BRIEF => Only one stretch of the listing below is wanted. Give it again exactly, from the line with "Kingston Mews 2 Seater Leather S..." through the line with "Wolf Warrior Tee".

RECORDS PROVIDED =>
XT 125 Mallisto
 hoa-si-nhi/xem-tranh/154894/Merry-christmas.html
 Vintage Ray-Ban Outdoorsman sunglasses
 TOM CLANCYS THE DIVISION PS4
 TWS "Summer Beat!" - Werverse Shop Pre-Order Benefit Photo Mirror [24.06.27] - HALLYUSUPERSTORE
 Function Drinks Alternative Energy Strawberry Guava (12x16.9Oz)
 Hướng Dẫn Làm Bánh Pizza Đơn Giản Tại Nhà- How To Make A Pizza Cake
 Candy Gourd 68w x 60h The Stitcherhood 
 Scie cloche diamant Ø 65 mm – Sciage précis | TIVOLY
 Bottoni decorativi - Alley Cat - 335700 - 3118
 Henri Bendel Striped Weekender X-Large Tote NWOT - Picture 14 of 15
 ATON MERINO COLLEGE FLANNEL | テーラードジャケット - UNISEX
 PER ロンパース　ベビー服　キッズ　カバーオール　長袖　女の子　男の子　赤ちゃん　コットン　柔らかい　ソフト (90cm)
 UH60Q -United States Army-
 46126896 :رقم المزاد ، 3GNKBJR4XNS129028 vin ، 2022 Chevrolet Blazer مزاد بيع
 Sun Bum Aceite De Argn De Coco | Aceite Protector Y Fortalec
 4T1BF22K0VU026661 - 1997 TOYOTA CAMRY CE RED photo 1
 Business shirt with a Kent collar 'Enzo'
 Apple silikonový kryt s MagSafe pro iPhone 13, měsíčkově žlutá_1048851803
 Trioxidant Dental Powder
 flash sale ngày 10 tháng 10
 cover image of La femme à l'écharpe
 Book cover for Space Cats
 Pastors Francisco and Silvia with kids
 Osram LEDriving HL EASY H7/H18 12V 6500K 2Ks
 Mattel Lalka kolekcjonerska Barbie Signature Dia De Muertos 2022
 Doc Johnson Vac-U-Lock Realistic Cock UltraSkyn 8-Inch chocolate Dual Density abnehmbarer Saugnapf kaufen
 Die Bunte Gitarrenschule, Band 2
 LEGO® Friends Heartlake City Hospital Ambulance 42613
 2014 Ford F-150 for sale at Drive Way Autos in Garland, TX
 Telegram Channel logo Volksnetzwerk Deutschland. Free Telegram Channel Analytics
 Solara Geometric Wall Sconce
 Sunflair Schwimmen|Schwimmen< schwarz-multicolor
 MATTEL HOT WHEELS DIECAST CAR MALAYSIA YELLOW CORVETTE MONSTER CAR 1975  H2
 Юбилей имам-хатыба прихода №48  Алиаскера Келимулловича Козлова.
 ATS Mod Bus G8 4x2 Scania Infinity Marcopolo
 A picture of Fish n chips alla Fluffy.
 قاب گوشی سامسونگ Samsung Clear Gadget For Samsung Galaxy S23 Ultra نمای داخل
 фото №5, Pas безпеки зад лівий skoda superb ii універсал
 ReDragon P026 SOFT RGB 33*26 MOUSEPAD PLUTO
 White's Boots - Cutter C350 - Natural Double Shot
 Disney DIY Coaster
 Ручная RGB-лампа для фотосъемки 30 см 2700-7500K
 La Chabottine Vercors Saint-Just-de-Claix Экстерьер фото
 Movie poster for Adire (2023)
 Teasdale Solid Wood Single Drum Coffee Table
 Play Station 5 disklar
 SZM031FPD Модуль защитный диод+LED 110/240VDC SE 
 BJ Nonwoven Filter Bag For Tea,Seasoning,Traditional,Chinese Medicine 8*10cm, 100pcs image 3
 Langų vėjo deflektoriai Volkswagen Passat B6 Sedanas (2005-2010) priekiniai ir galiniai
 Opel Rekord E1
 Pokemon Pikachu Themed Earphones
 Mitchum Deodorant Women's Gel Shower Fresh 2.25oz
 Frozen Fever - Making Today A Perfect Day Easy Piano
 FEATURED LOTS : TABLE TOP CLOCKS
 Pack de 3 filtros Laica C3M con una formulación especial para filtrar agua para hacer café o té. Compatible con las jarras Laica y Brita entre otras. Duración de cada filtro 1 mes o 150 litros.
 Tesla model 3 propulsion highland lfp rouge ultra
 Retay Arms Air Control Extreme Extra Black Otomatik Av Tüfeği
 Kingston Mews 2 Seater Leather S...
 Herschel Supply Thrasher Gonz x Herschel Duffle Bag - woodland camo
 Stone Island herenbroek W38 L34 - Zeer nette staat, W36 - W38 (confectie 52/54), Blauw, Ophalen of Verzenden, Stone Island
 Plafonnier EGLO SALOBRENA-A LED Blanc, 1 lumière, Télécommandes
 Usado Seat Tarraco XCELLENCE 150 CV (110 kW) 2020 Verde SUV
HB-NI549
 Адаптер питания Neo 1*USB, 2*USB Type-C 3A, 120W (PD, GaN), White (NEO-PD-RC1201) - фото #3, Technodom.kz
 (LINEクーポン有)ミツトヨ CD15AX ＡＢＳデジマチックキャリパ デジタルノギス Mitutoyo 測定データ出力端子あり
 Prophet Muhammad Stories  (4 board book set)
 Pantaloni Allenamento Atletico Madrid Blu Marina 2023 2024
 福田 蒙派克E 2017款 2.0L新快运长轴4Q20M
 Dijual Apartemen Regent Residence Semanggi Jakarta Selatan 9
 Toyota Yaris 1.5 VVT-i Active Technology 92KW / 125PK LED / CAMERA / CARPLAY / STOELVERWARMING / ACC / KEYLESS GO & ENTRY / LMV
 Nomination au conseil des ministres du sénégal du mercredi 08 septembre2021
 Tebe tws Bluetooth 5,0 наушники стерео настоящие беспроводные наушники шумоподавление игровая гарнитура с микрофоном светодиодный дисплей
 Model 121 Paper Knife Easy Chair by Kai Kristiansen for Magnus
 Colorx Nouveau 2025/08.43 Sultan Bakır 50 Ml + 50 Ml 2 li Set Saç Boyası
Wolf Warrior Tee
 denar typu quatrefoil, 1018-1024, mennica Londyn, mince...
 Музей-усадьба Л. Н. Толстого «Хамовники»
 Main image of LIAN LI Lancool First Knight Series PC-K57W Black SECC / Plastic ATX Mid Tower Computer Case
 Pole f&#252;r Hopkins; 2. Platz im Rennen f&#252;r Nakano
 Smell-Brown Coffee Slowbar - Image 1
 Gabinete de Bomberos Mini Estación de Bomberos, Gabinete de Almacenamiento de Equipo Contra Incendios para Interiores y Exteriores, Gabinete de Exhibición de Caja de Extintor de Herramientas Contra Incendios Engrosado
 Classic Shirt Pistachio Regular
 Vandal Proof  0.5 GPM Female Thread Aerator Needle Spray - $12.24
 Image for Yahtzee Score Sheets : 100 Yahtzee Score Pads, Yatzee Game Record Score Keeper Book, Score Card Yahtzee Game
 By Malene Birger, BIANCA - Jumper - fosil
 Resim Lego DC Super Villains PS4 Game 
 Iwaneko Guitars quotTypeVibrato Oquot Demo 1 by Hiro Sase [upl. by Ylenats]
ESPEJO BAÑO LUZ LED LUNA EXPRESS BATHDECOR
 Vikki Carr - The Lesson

WRITTEN REPLY =>
 Kingston Mews 2 Seater Leather S...
 Herschel Supply Thrasher Gonz x Herschel Duffle Bag - woodland camo
 Stone Island herenbroek W38 L34 - Zeer nette staat, W36 - W38 (confectie 52/54), Blauw, Ophalen of Verzenden, Stone Island
 Plafonnier EGLO SALOBRENA-A LED Blanc, 1 lumière, Télécommandes
 Usado Seat Tarraco XCELLENCE 150 CV (110 kW) 2020 Verde SUV
HB-NI549
 Адаптер питания Neo 1*USB, 2*USB Type-C 3A, 120W (PD, GaN), White (NEO-PD-RC1201) - фото #3, Technodom.kz
 (LINEクーポン有)ミツトヨ CD15AX ＡＢＳデジマチックキャリパ デジタルノギス Mitutoyo 測定データ出力端子あり
 Prophet Muhammad Stories  (4 board book set)
 Pantaloni Allenamento Atletico Madrid Blu Marina 2023 2024
 福田 蒙派克E 2017款 2.0L新快运长轴4Q20M
 Dijual Apartemen Regent Residence Semanggi Jakarta Selatan 9
 Toyota Yaris 1.5 VVT-i Active Technology 92KW / 125PK LED / CAMERA / CARPLAY / STOELVERWARMING / ACC / KEYLESS GO & ENTRY / LMV
 Nomination au conseil des ministres du sénégal du mercredi 08 septembre2021
 Tebe tws Bluetooth 5,0 наушники стерео настоящие беспроводные наушники шумоподавление игровая гарнитура с микрофоном светодиодный дисплей
 Model 121 Paper Knife Easy Chair by Kai Kristiansen for Magnus
 Colorx Nouveau 2025/08.43 Sultan Bakır 50 Ml + 50 Ml 2 li Set Saç Boyası
Wolf Warrior Tee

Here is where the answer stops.